_PROVIDED INFORMATION_
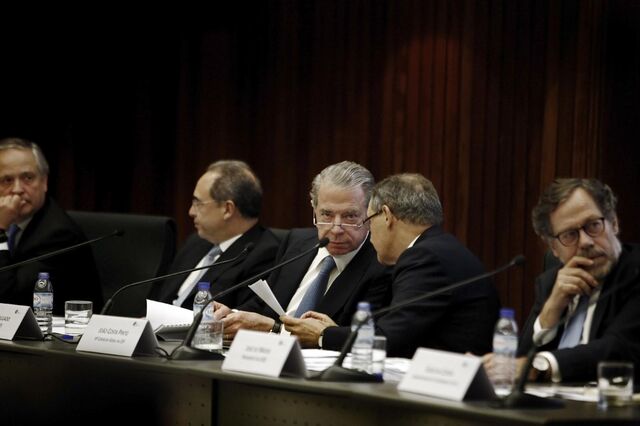Troika vai embora mas dinheiro fica na banca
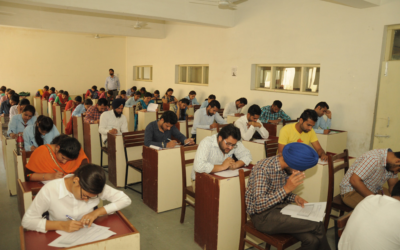 One student is selected in Data64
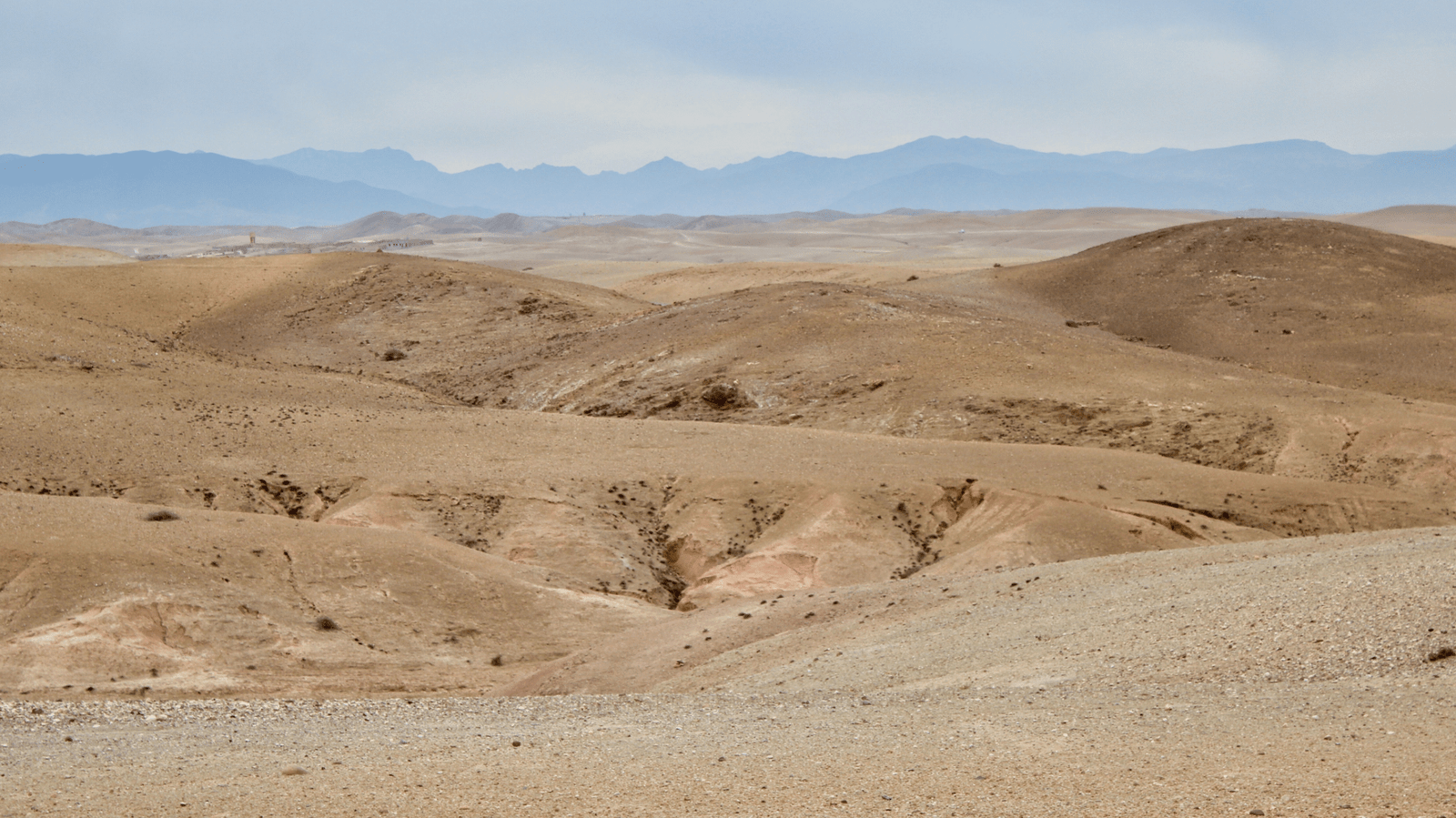 agafay desert panorama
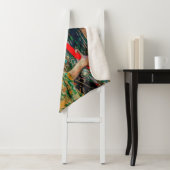 Vrouw in Groene Zonnebril Sherpa Deken (In situ)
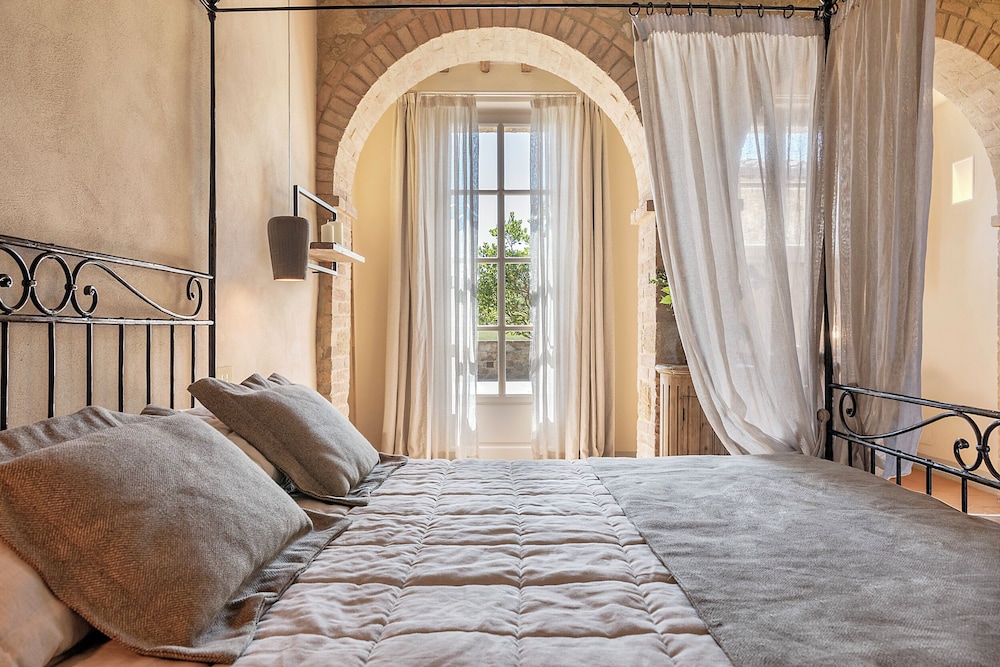 Capanna Suites 6/50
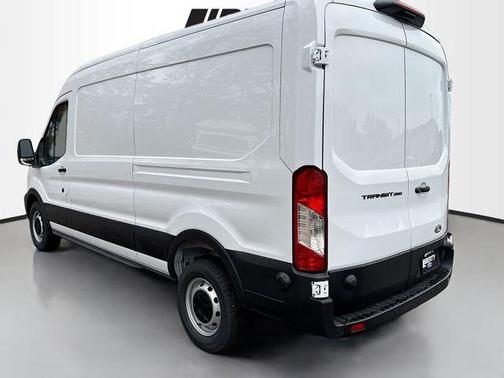 2026 Ford Transit-250 148 WB Medium Roof Cargo
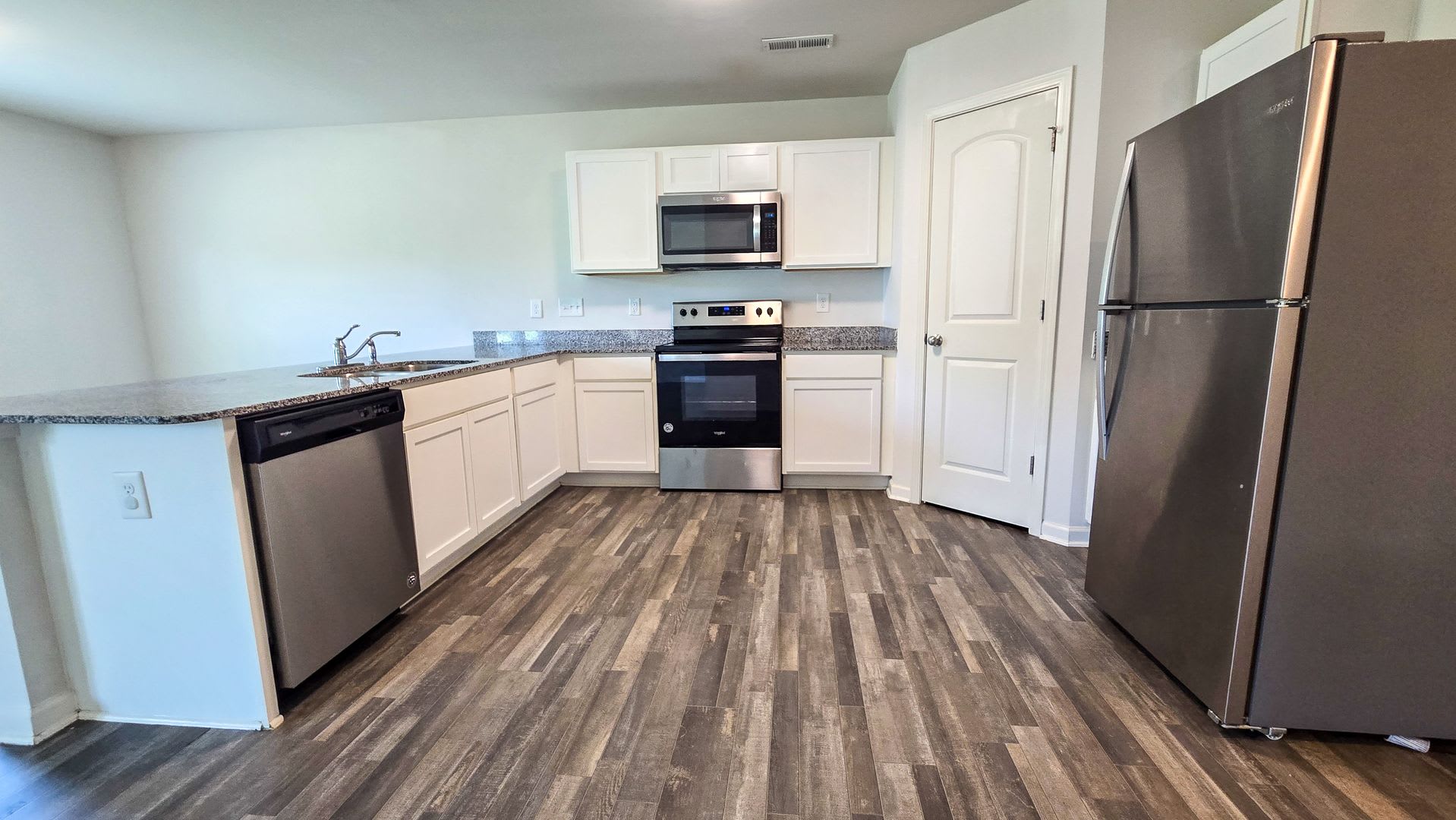 1810 South Hill Ave – photo 4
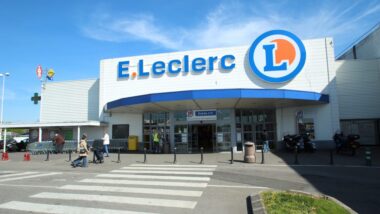 Fronde contre les rayons Fraîche Découpe de Leclerc, accusés de favoriser la production de déchets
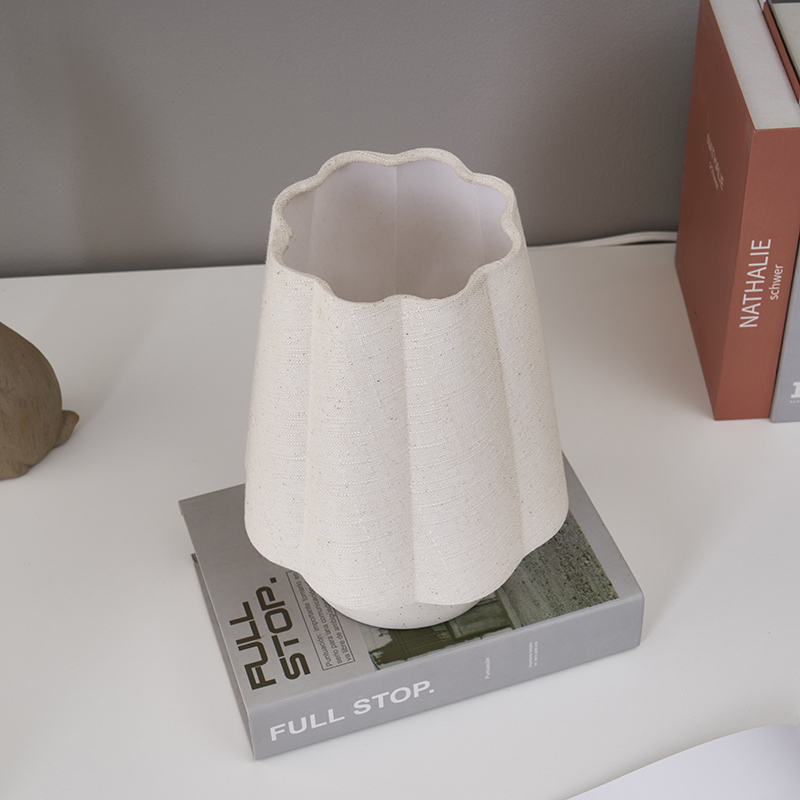 Flower lampshade table lamp-7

_PROBLEM DESCRIPTION_
Return exactly the lines of the data, beginning with the first and ending with the line containing "1810 South Hill Ave – photo 4". Skip the pictures.

_TASK RESULT_
Troika vai embora mas dinheiro fica na banca
 One student is selected in Data64
 agafay desert panorama
 Vrouw in Groene Zonnebril Sherpa Deken (In situ)
 Capanna Suites 6/50
 2026 Ford Transit-250 148 WB Medium Roof Cargo
 1810 South Hill Ave – photo 4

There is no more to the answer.